**WHAT TO DO**. Would you copy exactly the lines in the data below from the one that has "Fliegende Hexe Schwarz auf Lila Spielkarten" through the one that has "Garage cleanout before junk removal", dropping any pictures?

**DATA SUPPLIED**.
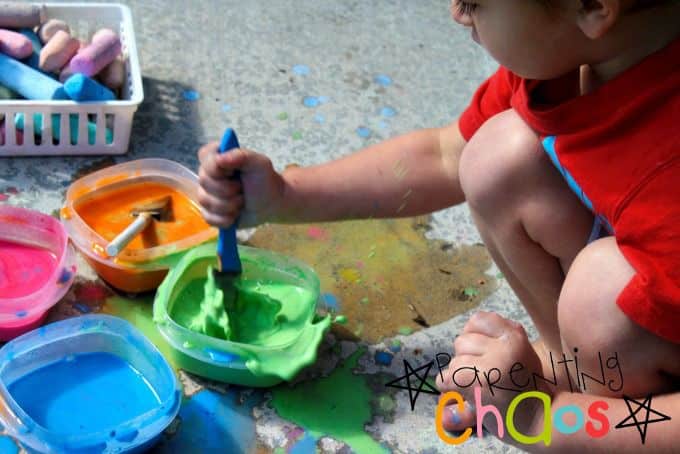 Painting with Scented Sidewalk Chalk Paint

...

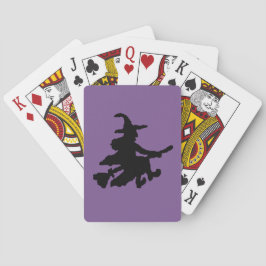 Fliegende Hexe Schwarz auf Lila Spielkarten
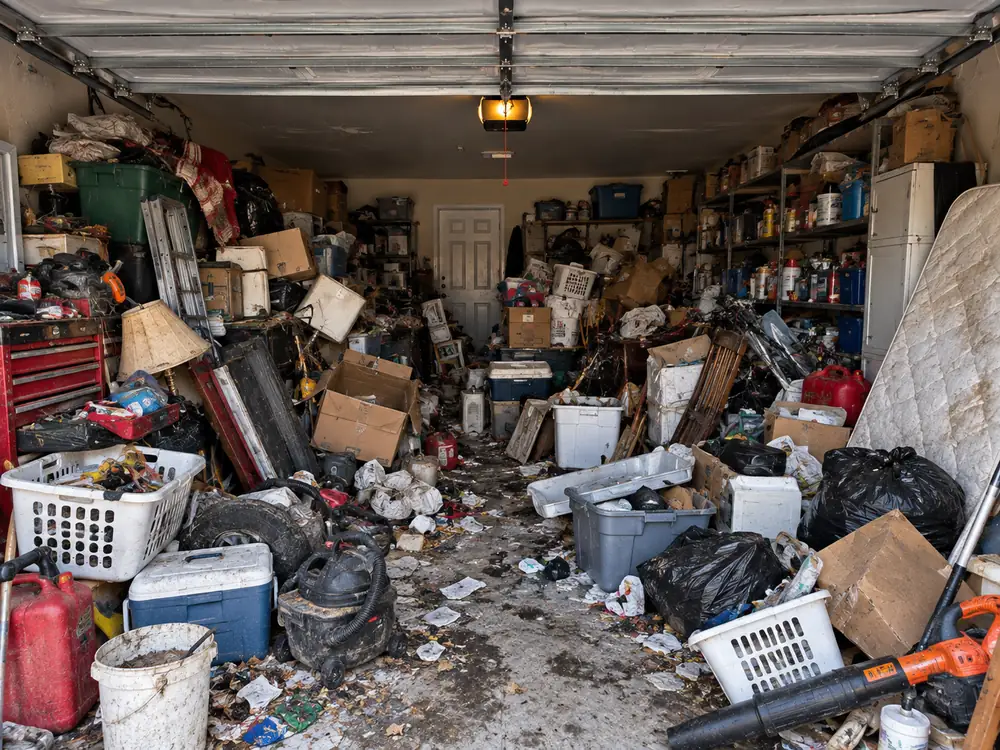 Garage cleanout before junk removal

==

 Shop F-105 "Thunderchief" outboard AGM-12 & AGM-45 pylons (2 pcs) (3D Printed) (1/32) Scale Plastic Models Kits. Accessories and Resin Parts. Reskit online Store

**EXERCISE RESPONSE**.
 Fliegende Hexe Schwarz auf Lila Spielkarten
 Garage cleanout before junk removal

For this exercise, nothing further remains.